Leckere Weihnachtsplätzchen

Bereits im letzten Jahr habe ich mich darauf gefreut, in diesem Jahr zum ersten Mal Weihnachtsplätzchen gemeinsam mit meiner kleinen Elfe zu backen. Sie hatte riesen Spaß dabei. Logisch: Im Gegensatz zu der Knete, die ich ihr normalerweise vorsetze, konnte man dieses Mal den Weihnachtsplätzchen-Teig sogar essen.

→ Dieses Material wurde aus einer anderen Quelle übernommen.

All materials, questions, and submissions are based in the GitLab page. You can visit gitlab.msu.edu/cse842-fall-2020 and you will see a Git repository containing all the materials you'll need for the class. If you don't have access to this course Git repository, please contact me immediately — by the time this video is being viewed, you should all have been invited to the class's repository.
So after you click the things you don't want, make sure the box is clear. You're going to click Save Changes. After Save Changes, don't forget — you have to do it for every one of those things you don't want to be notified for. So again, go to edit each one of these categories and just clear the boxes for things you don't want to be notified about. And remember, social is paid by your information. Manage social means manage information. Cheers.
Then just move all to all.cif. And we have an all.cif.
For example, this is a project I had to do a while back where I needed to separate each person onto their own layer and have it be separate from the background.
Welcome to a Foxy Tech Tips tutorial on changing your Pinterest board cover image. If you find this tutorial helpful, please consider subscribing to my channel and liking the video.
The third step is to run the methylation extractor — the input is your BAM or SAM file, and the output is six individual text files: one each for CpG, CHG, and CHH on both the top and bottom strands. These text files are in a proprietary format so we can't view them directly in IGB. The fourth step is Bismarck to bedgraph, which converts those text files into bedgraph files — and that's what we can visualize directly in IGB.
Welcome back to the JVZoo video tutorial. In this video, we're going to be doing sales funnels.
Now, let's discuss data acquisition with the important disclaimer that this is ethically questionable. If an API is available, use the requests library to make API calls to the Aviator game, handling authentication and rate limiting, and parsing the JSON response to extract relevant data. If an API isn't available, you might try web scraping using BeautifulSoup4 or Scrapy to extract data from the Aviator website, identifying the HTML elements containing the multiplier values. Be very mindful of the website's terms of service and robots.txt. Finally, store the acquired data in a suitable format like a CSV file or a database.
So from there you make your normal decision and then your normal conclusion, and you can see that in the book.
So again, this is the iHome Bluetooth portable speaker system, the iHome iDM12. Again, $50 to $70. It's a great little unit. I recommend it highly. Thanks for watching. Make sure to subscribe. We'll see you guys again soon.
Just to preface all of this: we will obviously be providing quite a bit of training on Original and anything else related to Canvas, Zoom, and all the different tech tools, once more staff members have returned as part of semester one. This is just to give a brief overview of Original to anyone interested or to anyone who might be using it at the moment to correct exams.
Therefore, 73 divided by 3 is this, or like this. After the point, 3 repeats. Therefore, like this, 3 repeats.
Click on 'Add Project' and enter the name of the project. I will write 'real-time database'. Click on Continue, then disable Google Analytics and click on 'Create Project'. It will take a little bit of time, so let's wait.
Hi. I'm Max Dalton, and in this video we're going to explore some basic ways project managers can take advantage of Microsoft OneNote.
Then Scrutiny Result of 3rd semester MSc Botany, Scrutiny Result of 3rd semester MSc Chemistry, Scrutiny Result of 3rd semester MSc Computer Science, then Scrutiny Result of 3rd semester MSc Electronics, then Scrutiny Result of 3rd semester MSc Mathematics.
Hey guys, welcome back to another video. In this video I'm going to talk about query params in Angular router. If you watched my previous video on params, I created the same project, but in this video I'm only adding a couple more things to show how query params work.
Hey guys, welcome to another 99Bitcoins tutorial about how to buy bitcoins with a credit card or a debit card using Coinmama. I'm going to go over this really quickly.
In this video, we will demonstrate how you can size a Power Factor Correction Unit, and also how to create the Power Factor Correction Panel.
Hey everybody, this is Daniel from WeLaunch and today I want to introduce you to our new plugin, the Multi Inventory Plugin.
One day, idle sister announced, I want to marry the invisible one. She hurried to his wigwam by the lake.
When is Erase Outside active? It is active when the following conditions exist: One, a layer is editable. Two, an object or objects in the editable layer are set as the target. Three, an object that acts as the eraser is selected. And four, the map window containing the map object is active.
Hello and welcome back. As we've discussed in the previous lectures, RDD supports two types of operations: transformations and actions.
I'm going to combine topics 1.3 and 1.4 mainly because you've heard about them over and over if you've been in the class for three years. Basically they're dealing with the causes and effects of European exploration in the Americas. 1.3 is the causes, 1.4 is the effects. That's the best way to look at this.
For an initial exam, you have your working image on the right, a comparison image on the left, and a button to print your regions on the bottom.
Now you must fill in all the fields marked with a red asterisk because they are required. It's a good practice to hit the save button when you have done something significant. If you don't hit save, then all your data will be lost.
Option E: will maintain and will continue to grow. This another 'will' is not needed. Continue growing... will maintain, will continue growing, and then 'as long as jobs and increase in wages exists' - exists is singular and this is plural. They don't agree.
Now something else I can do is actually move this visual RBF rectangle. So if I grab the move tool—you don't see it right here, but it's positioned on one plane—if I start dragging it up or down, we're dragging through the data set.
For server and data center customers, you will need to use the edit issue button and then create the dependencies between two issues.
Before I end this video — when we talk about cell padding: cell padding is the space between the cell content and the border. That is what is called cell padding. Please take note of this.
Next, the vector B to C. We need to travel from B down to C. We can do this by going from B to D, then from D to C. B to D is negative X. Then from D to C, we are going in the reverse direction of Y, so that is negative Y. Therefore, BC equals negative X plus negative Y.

Und das Ergebnis kann sich auch sehen lassen:

Rezept für Ausstecher, Weihnachtskekse

Ich habe ein ganz einfaches Rezept benutzt:

  • 250 Gramm Butter
  • 200 Gramm Zucker
  • 1 Päckchen Vanillezucker
  • 3 kleine Eier
  • 500 Gramm Mehl
  • 2 TL Backpulver
  • 1 Prise Salz

Und so macht ihr den Teig für die Weihnachtsplätzchen:

Butter mit Zucker und Vanillezucker schaumig rühren, dann die Eier dazu geben und zum Schluß das mit dem Backpulver vermischte Mehl und die Prise Salz. Fertig ist der Teig. Falls er durch langes Rühren recht weich geworden ist, könnt ihr ihn für 30 – 60 Minuten in den Kühlschrank stellen, bevor ihr ihn weiterverarbeitet. Nun einfach auf einer bemehlten Unterlage mit einem bemehlten Wellholz ausrollen und ausstechen. Die Elfe macht´s vor:

Selbstgebackene Weihnachtskekse  Selbstgemachte Ausstecherle

Anschließend backt ihr die Weihnachtsplätzchen bei 200 Grad ca. 8 – 12 Minuten (je nach Größe). Wenn sie an der Unterseite leicht bräunlich sind, sind sie fertig.

Magische Extra-Tipps:

  • Lecker ist es auch, wenn ihr den Teig mit etwas abgeriebener Schale einer ungespritzten Zitrone verfeinert.
  • Falls ihr die Weihnachtsplätzchen wie wir mit Zuckerperlen verzieren möchtet, so bringt diese am besten vor dem Backen auf. Benutzt ihr Zuckergußstifte, dann erst nach dem Backen verzieren, sonst verläuft der Zuckerguß.
  • Wenn ihr die Weihnachtsplätzchen vor dem Backen (und ggf. vor dem Verzieren, hält dann auch besser) mit etwas verrührtem Ei einstreicht, glänzen sie hinterher sehr schön.
  • Ein schönes Mitbringsel in der Weihnachtszeit sind schön verpackte Tassenkekse in einer Glastasse, die später auf den Rand der Tasse gesteckt werden können, Dazu benutzt ihr diese Ausstecher*.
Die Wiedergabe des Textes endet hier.